■ **Supplied entries**:
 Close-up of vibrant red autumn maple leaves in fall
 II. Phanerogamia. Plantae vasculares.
---
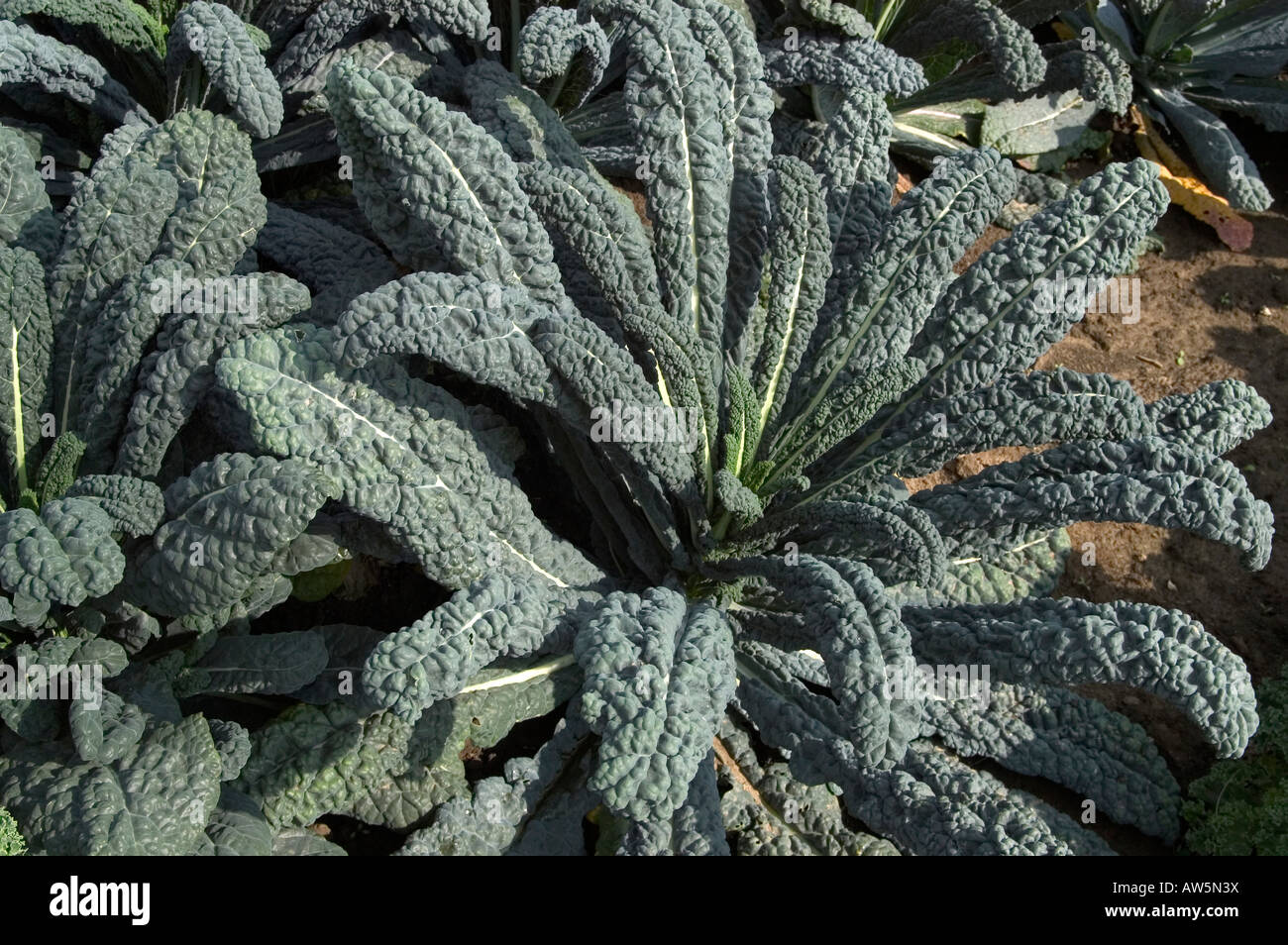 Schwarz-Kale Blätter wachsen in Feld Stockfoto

■ **Task to complete**:
Begin with the line that has "Close-up of vibrant" in the listing above and end after the line that has "II. Phanerogamia. Plantae vasculares."; output those lines exactly.

■ **Written solution**:
 Close-up of vibrant red autumn maple leaves in fall
 II. Phanerogamia. Plantae vasculares.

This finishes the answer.